**INSTRUCTIONS TO FOLLOW**
Your task is to reproduce exactly the lines that run from the beginning of the data through the line where "Unused 2025 LiuGong 9035F ZTS - Mini excavator: picture 1 Unused" appears.

[Dataset items]
################

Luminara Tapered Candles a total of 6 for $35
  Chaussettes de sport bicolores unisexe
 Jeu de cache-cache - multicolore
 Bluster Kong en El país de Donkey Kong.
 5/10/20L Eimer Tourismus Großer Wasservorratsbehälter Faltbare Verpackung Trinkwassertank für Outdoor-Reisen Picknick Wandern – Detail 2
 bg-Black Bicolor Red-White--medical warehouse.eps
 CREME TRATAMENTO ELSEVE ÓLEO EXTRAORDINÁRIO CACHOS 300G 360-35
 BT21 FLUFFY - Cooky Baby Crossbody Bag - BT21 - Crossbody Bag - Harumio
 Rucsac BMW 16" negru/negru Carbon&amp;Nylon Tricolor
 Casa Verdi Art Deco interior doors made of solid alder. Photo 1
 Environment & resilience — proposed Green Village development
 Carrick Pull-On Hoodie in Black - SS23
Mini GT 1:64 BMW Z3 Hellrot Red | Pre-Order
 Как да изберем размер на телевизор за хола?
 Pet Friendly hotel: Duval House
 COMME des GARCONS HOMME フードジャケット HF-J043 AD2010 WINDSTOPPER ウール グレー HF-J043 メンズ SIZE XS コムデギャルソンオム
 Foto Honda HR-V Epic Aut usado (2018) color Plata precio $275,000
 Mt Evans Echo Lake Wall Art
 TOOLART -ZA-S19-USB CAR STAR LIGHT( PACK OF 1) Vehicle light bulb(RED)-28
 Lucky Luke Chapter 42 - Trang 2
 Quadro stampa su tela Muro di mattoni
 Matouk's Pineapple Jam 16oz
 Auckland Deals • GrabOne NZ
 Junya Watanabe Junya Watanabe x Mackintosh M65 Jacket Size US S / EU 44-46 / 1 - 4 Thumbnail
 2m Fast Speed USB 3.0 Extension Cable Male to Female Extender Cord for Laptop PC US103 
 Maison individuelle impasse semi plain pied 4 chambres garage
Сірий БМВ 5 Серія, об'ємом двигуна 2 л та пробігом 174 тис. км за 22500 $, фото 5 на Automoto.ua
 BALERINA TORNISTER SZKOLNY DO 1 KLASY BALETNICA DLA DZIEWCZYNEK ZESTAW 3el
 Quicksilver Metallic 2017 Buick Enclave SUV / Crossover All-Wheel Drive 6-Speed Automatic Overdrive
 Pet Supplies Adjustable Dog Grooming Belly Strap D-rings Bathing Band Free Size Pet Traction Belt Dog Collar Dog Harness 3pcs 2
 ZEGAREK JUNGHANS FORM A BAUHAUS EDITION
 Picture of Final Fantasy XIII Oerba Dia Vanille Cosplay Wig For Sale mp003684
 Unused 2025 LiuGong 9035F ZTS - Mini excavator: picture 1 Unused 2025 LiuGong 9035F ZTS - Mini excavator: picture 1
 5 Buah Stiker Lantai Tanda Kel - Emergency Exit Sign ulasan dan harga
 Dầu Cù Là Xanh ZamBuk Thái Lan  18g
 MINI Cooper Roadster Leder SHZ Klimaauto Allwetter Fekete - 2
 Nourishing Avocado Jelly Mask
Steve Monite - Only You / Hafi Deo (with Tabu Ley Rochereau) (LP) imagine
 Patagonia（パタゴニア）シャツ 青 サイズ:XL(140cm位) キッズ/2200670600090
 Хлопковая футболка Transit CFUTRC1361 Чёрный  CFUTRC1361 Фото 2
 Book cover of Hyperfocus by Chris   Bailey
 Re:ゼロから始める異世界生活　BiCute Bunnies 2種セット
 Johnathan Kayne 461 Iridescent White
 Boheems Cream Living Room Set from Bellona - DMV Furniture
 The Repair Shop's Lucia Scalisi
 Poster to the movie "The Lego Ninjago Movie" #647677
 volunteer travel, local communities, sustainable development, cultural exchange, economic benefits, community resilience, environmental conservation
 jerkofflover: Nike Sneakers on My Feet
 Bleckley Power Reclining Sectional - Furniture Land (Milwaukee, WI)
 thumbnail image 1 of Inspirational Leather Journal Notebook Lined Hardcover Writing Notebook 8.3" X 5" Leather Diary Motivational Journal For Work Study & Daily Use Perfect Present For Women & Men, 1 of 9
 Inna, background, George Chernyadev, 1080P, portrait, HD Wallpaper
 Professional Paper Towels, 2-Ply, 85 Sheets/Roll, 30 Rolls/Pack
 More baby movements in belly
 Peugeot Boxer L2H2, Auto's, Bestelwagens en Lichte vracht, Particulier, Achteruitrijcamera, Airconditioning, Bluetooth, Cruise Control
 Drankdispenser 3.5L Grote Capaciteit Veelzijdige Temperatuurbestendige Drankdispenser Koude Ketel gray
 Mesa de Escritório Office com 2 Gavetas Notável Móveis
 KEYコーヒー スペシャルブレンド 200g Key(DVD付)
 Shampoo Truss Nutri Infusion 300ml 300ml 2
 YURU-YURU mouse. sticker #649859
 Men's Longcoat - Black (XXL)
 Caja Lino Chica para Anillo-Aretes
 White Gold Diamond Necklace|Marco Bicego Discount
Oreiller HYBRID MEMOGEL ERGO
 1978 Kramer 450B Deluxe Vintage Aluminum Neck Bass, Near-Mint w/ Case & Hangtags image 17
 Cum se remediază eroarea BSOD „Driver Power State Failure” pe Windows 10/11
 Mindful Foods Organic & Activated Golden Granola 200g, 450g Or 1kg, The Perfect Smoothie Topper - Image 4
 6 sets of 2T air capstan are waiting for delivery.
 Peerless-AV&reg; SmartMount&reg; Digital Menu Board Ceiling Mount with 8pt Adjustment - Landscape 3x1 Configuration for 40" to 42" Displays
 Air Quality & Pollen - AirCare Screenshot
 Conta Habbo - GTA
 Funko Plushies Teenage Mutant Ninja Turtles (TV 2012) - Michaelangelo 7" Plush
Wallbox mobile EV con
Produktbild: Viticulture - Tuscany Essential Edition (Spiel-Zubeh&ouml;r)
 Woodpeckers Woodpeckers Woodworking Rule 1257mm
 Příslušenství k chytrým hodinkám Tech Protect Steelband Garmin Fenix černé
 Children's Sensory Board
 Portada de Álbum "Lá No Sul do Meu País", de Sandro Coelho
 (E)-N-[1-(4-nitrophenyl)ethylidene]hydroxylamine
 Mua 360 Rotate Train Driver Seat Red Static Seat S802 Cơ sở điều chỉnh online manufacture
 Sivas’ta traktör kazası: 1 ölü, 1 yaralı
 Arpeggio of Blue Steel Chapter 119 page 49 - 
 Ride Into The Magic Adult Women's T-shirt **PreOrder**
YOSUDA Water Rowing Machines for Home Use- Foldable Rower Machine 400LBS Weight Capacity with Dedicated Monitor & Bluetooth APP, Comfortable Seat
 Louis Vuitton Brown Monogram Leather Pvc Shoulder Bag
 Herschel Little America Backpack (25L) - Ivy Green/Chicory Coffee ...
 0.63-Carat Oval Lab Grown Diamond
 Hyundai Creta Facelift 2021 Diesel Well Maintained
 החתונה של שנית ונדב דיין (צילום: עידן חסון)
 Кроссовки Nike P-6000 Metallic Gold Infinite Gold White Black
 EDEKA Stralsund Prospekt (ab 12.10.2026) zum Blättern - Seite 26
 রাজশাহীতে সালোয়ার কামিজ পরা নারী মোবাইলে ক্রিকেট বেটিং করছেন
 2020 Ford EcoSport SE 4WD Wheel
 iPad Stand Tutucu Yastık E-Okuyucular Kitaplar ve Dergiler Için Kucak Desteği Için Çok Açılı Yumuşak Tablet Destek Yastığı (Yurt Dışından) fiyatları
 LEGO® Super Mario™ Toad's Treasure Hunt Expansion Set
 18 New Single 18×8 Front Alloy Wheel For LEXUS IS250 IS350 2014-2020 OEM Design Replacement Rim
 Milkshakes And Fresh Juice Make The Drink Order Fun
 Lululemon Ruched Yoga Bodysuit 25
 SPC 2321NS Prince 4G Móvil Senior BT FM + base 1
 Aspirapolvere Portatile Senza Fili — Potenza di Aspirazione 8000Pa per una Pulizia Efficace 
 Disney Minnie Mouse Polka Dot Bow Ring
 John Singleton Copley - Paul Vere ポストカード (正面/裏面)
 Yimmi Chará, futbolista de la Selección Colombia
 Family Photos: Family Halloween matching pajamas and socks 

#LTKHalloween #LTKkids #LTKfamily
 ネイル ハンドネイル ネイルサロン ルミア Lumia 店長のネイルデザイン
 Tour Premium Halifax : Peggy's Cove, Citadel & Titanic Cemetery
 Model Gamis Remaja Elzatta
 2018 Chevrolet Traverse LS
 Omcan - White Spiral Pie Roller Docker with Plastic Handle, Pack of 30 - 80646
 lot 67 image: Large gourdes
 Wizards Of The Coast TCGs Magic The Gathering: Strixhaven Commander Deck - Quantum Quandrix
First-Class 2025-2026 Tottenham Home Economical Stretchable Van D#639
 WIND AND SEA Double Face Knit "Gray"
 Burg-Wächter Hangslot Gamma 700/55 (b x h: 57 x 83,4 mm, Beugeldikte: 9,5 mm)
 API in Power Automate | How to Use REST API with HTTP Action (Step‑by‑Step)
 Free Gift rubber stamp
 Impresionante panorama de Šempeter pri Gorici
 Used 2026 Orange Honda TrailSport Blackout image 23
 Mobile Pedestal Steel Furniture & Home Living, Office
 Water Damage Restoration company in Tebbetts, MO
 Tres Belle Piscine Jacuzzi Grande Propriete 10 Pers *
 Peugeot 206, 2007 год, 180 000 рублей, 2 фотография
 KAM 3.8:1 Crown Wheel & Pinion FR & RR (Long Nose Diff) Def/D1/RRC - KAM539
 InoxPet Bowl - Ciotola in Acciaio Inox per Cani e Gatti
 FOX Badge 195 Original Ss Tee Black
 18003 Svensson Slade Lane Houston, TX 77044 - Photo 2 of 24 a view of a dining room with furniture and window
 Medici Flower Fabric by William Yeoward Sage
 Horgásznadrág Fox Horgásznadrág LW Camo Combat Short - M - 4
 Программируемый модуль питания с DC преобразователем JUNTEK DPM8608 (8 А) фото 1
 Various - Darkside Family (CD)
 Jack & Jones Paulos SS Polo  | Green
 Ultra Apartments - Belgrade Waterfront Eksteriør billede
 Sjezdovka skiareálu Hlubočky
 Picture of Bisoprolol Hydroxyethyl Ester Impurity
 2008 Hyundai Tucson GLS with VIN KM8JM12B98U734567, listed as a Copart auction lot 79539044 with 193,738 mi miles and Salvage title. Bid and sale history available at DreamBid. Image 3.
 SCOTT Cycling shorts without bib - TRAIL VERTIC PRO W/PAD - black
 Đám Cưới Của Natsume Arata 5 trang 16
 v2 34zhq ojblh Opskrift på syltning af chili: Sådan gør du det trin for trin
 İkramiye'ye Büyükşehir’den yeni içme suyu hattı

################

**RESPONSE TO THIS EXERCISE**
Luminara Tapered Candles a total of 6 for $35
  Chaussettes de sport bicolores unisexe
 Jeu de cache-cache - multicolore
 Bluster Kong en El país de Donkey Kong.
 5/10/20L Eimer Tourismus Großer Wasservorratsbehälter Faltbare Verpackung Trinkwassertank für Outdoor-Reisen Picknick Wandern – Detail 2
 bg-Black Bicolor Red-White--medical warehouse.eps
 CREME TRATAMENTO ELSEVE ÓLEO EXTRAORDINÁRIO CACHOS 300G 360-35
 BT21 FLUFFY - Cooky Baby Crossbody Bag - BT21 - Crossbody Bag - Harumio
 Rucsac BMW 16" negru/negru Carbon&amp;Nylon Tricolor
 Casa Verdi Art Deco interior doors made of solid alder. Photo 1
 Environment & resilience — proposed Green Village development
 Carrick Pull-On Hoodie in Black - SS23
Mini GT 1:64 BMW Z3 Hellrot Red | Pre-Order
 Как да изберем размер на телевизор за хола?
 Pet Friendly hotel: Duval House
 COMME des GARCONS HOMME フードジャケット HF-J043 AD2010 WINDSTOPPER ウール グレー HF-J043 メンズ SIZE XS コムデギャルソンオム
 Foto Honda HR-V Epic Aut usado (2018) color Plata precio $275,000
 Mt Evans Echo Lake Wall Art
 TOOLART -ZA-S19-USB CAR STAR LIGHT( PACK OF 1) Vehicle light bulb(RED)-28
 Lucky Luke Chapter 42 - Trang 2
 Quadro stampa su tela Muro di mattoni
 Matouk's Pineapple Jam 16oz
 Auckland Deals • GrabOne NZ
 Junya Watanabe Junya Watanabe x Mackintosh M65 Jacket Size US S / EU 44-46 / 1 - 4 Thumbnail
 2m Fast Speed USB 3.0 Extension Cable Male to Female Extender Cord for Laptop PC US103 
 Maison individuelle impasse semi plain pied 4 chambres garage
Сірий БМВ 5 Серія, об'ємом двигуна 2 л та пробігом 174 тис. км за 22500 $, фото 5 на Automoto.ua
 BALERINA TORNISTER SZKOLNY DO 1 KLASY BALETNICA DLA DZIEWCZYNEK ZESTAW 3el
 Quicksilver Metallic 2017 Buick Enclave SUV / Crossover All-Wheel Drive 6-Speed Automatic Overdrive
 Pet Supplies Adjustable Dog Grooming Belly Strap D-rings Bathing Band Free Size Pet Traction Belt Dog Collar Dog Harness 3pcs 2
 ZEGAREK JUNGHANS FORM A BAUHAUS EDITION
 Picture of Final Fantasy XIII Oerba Dia Vanille Cosplay Wig For Sale mp003684
 Unused 2025 LiuGong 9035F ZTS - Mini excavator: picture 1 Unused 2025 LiuGong 9035F ZTS - Mini excavator: picture 1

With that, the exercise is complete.